Ernst Nolte s’est d’ailleurs par la suite rapproché de la « Nouvelle Droite » allemande et des tendances tentant de réhabiliter l’antisémitisme et une sorte de « conservatisme » radical, avec bien entendu comme figures tutélaires Friedrich Nietzsche et Martin Heidegger.
Il est allé alors toujours davantage dans le sens de la provocation, n’hésitant pas à s’opposer à la fermeté dans l’interdiction du négationnisme, à expliquer que les partisans soviétiques sur les lignes arrières auraient incité les menées criminelles du nazisme, ou bien encore qu’Adolf Hitler se serait largement inspiré de la Bible et des Hébreux pour ses propres massacres.
Ernst Nolte alla toujours plus loin, comme lors de sa défense du député CDU Martin Hohmann exclu pour antisémitisme, ce qui lui amena un isolement toujours plus grand en Allemagne.

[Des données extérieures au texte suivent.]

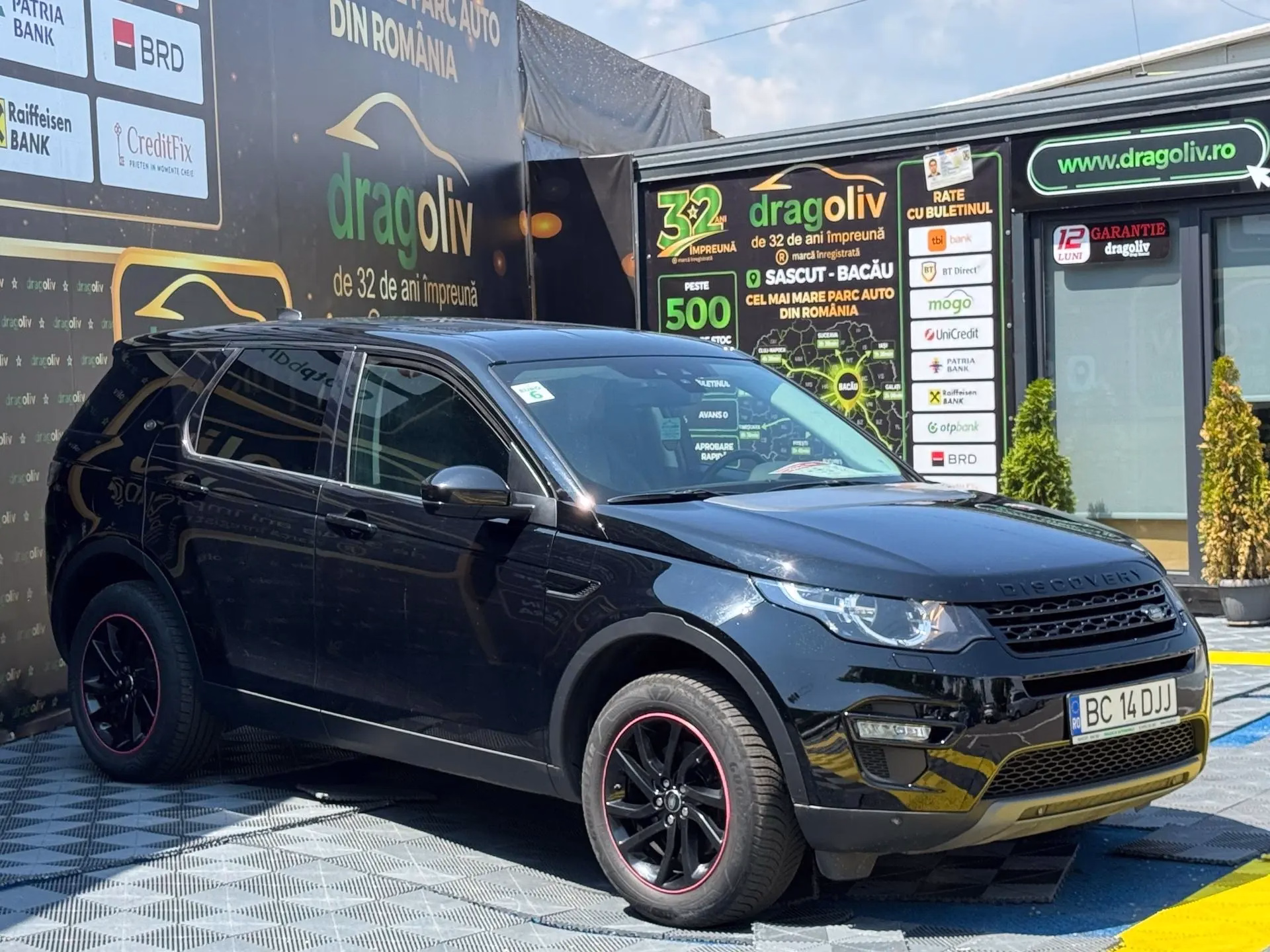 Land Rover Discovery Sport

Tous les commentateurs lisaient bien son jeu au service de la « Nouvelle Droite » et de sa critique conservatrice du libéralisme.
Erst Nolte expliquait les choses ainsi :
« A mes yeux la tâche politique majeure de l’époque actuelle est de réintégrer dans le système la droite et la gauche.

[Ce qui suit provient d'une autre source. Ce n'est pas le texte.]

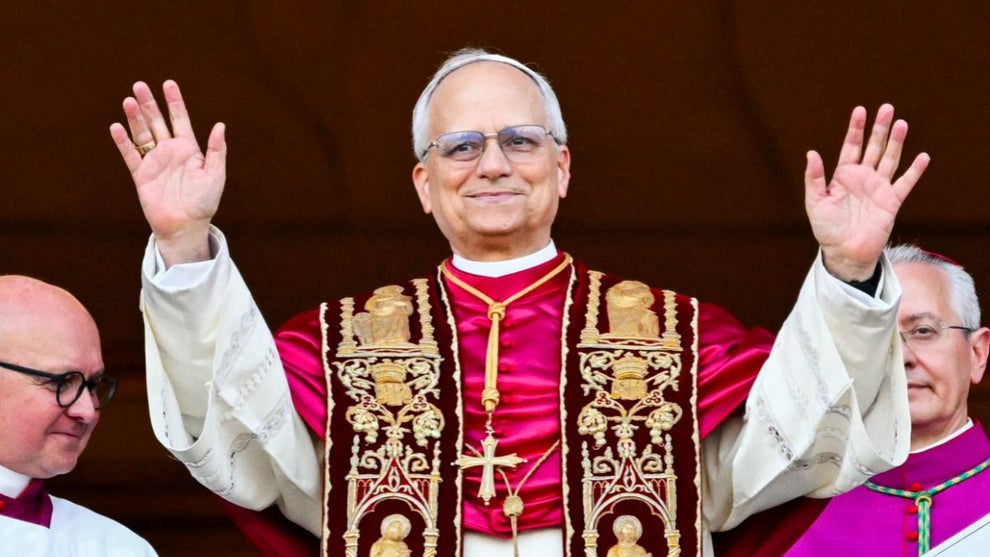 Pope Leo (Credit: Getty Images)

Sous le signe de la Première Guerre mondiale elles avaient évolué vers une forme d’autonomie d’un activisme extrême, pour aboutir à des États totalitaires à parti unique ; après les lourdes épreuves qu’elles ont subies au cours de ce siècle, et bien qu’elles aient changé une nouvelle fois, elles demeurent des réalités nettement identifiables, il faut les réintégrer dans le système (…).
Ce n’est pas le totalitarisme d’un nouveau fascisme ou d’un nouveau bolchevisme qui représente aujourd’hui un réel danger, mais le totalitarisme d’un genre tout différent, celui d’un système libéral totalement débridé que l’on ferait mieux d’appeler « libérisme » car il s’est libéré de tous les contrepoids auxquels il devait jusqu’ici sa signification et son importance. »
(Entretien à la Nouvelle revue certitudes)
En Italie et en France, par contre, il fut toujours considéré comme un historien majeur ; en France, il eut un long débat fraternel avec l’historien François Furet, grande figure de la bourgeoisie et renégat du PCF (auteur notamment de Le passé d’une illusion), ce qui donna un ouvrage commun intitulé Fascisme et communisme.
Stéphane Courtois, autre renégat du PCF à l’origine du Livre noir du communisme, écrira également la préface d’une compilation en français de textes d’Ernst Nolte, Fascisme et totalitarisme.
Le succès énorme de cette littérature anti-communiste reflète parfaitement le caractère anti-communiste forcené des institutions intellectuelles, depuis les collèges et les lycées jusqu’aux universités et aux structures para-universitaires.
La bataille pour la vision du monde est totale et Ernst Nolte est un excellent révélateur de la bataille des idées.